- _Description of the task_
Only an exact copy of the entries, stripped of pictures, will serve as the answer.

Short descriptive text snippets
- - - - - - -

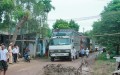 Người dân chặn xe tải vào băm nát đường làng. Ảnh laodong.com.vn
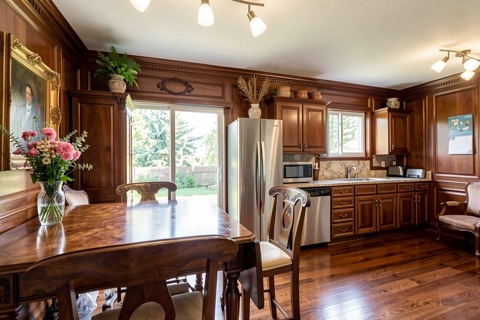 Kitchen & dining — Traditional Elegant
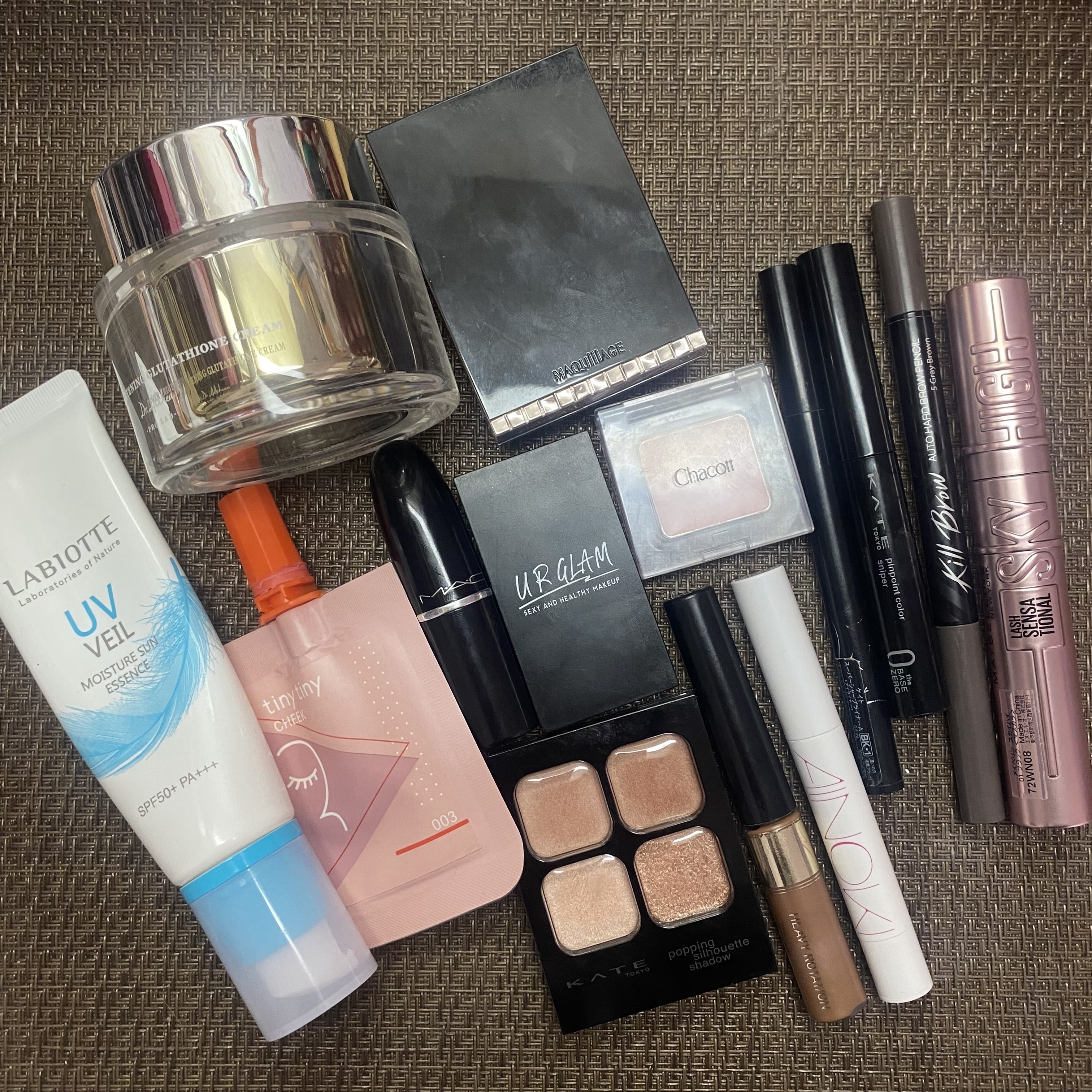 ピンポイントカラースナイパー/KATE/スティックコンシーラーを使ったクチコミ（3枚目）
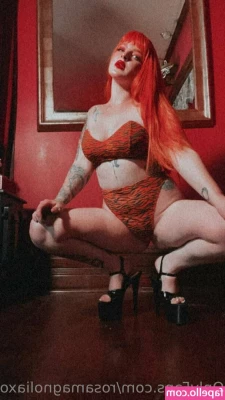 rosamagnoliaxo - Photographer: “TITS OUT!!!” Me: “SAY NO MORE”😈  part 1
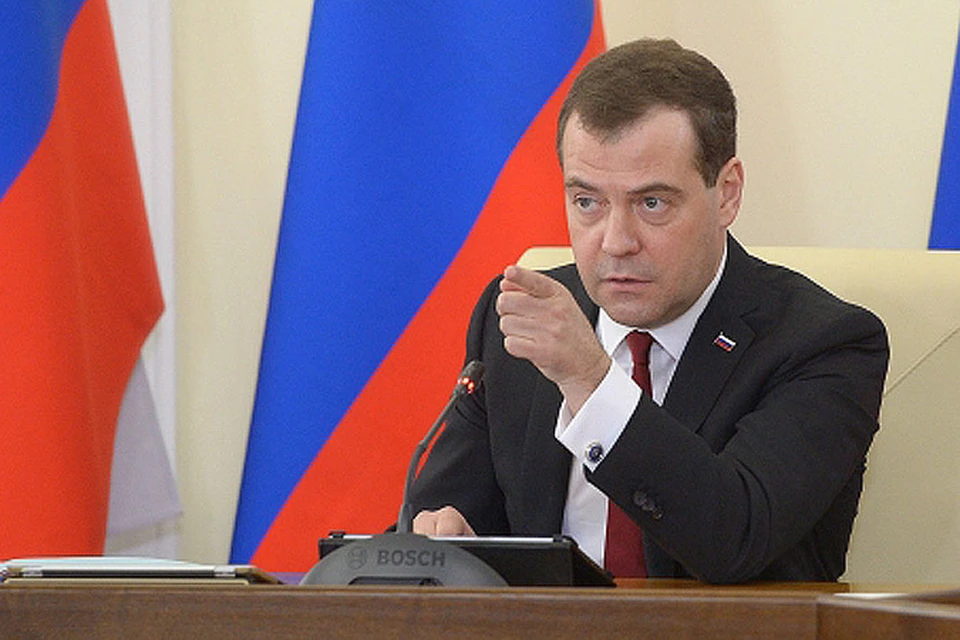 Дмитрий Медведев провел в Симферополе выездное заседание правительства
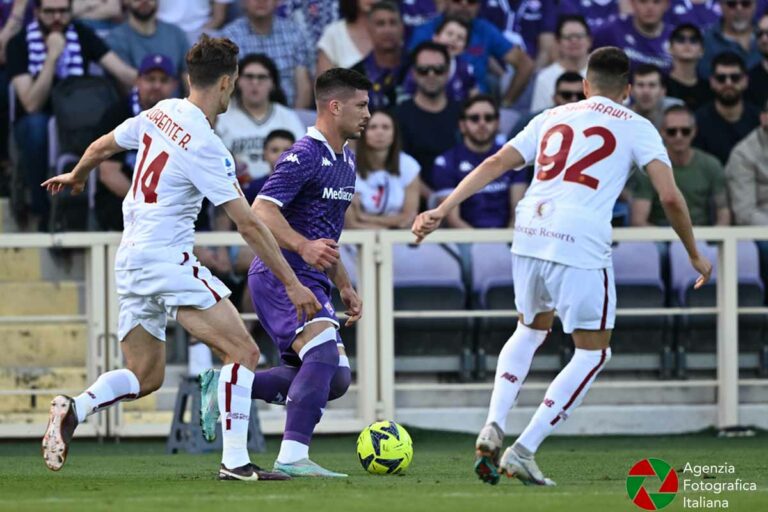 La Fiorentina rimonta la Roma e vince al fotofinish
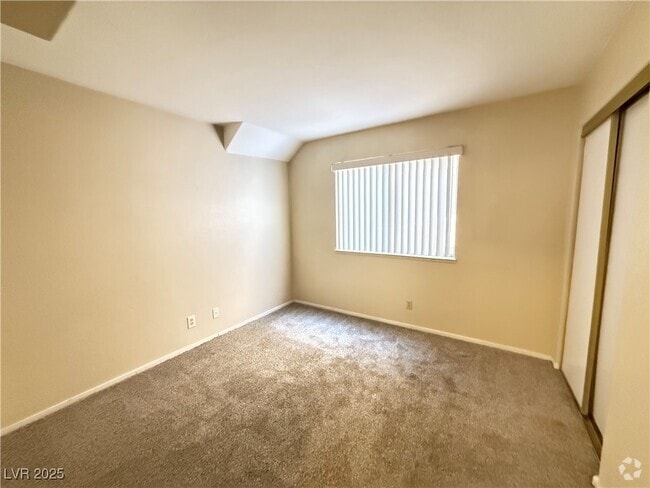 Building Photo - 8004 Celestial Ave Rental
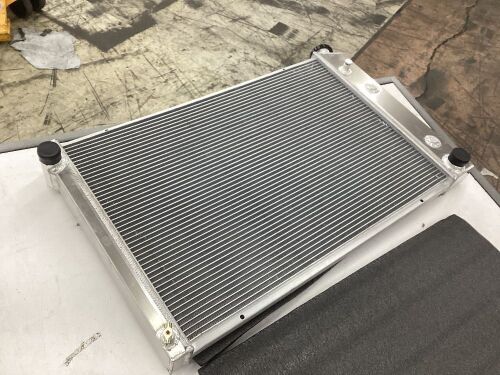 Aluminum Radiator  - Lot 352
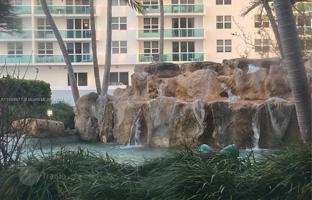 1-bedroom apartments in condo 87 m² in Miami Beach for $479,000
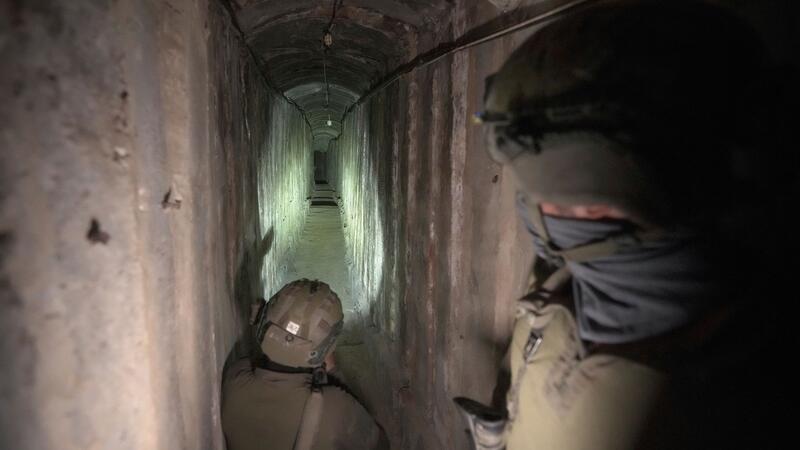 Israelische Soldaten zeigen den Medien im November einen unterirdischen Tunnel, der unter dem Schifa-Krankenhaus in Gaza-Stadt gefunden wurde.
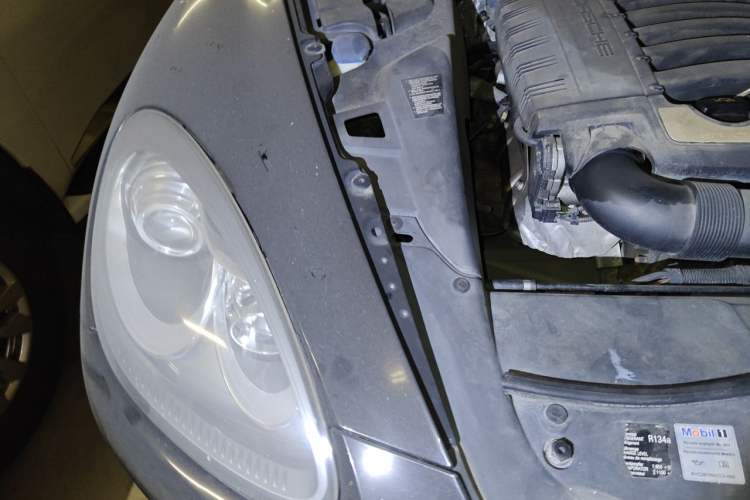 Used Porsche Cayenne  Engine Bay Right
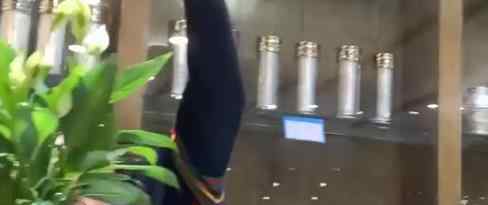 丽江回应古城银器店老板骂游客 具体事件详情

- - - - - - -

- _Answer to this exercise_
 Người dân chặn xe tải vào băm nát đường làng. Ảnh laodong.com.vn
 Kitchen & dining — Traditional Elegant
 ピンポイントカラースナイパー/KATE/スティックコンシーラーを使ったクチコミ（3枚目）
 rosamagnoliaxo - Photographer: “TITS OUT!!!” Me: “SAY NO MORE”😈  part 1
 Дмитрий Медведев провел в Симферополе выездное заседание правительства
 La Fiorentina rimonta la Roma e vince al fotofinish
 Building Photo - 8004 Celestial Ave Rental
 Aluminum Radiator  - Lot 352
 1-bedroom apartments in condo 87 m² in Miami Beach for $479,000
 Israelische Soldaten zeigen den Medien im November einen unterirdischen Tunnel, der unter dem Schifa-Krankenhaus in Gaza-Stadt gefunden wurde.
 Used Porsche Cayenne  Engine Bay Right
 丽江回应古城银器店老板骂游客 具体事件详情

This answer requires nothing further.